When uploaded, the corpus is tagged with the current revision of the integration branch. If needed, you can retrieve older versions of the corpus relating to a specific version of the code: fx fuzz fetch <package>/<fuzzer> <integration-revision>
A: Yes! by fetching the corpus, and then performing a normal corpus update:
fx fuzz fetch --no-cipd --staging /path/to/third/party/corpus [package]/[fuzzer]
fx fuzz merge [package]/[fuzzer]
A: Yes, although the extra tooling of fx fuzz
is not currently supported. This means you can build host fuzzers with the GN templates, but you'll need to manually run them, reproduce the bugs they find, and manage their corpus data.
If your fuzzers don't have Fuchsia dependencies, you can build host versions simply by setting fuzz_host=true
in the fuzzers_package
gn fuzzers package:
fuzzers_package("overnet_fuzzers") { fuzzers = [ "packet_protocol:packet_protocol_fuzzer" ] fuzz_host = true }
Upon building, the host fuzzers with can be found in in the host variant output directory, e.g. //out/default/host_x64-asan-fuzzer
.
A: Once crashes begin to become infrequent, it may be because almost all the bugs have been fixed, but it may also be because the fuzzer isn't reaching new code that still has bugs. Code coverage information is needed to determine the quality of the fuzzer. Use source-based code coverage to see what your current corpus reaches.

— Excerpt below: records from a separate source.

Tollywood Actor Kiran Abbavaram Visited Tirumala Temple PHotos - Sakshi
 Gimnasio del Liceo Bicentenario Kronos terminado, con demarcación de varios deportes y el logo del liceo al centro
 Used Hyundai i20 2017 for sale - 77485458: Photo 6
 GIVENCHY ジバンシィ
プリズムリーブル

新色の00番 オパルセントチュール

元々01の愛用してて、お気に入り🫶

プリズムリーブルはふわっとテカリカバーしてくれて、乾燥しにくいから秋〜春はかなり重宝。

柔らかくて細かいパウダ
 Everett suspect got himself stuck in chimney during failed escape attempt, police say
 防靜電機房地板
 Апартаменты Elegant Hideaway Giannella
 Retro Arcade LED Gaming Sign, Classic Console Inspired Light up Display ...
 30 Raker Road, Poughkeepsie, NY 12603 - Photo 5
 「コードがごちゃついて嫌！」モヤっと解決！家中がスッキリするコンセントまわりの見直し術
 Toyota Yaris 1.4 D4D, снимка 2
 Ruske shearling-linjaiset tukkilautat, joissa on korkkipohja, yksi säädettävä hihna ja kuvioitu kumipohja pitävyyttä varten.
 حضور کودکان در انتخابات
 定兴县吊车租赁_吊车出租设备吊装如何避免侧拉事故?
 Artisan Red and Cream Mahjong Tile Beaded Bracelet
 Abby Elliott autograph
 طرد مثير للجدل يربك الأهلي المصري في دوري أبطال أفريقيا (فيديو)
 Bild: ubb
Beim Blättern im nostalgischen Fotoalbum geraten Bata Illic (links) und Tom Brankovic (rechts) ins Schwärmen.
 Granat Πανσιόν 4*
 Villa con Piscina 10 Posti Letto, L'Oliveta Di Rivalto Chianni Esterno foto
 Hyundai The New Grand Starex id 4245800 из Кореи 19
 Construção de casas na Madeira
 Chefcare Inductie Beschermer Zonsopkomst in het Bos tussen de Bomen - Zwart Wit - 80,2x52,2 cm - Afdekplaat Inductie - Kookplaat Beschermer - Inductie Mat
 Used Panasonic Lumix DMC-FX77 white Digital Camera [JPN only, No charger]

Note: Source-based code coverage is under active development.
If coverage in a certain area is low, there are a few options:
FUZZING_BUILD_MODE_UNSAFE_FOR_PRODUCTION
build macro described above.The “run, merge, measure, improve” steps can be repeated for as many iterations as you feel are needed to create a quality fuzzer. Once ready, you'll need to upload your corpus and update the GN fuzzer in the appropriate project. At this point, others will be able use your fuzzer. This includes ClusterFuzz which will automatically find new fuzzers and continuously fuzz them, updating their corpora, filing bugs for crashes, and closing them when fixed.
Note: ClusterFuzz integration is in development.
A: As you can see from the various notes in this document, there's still plenty more to do!
We will continue to work on these features and others, and update this document accordingly as they become available.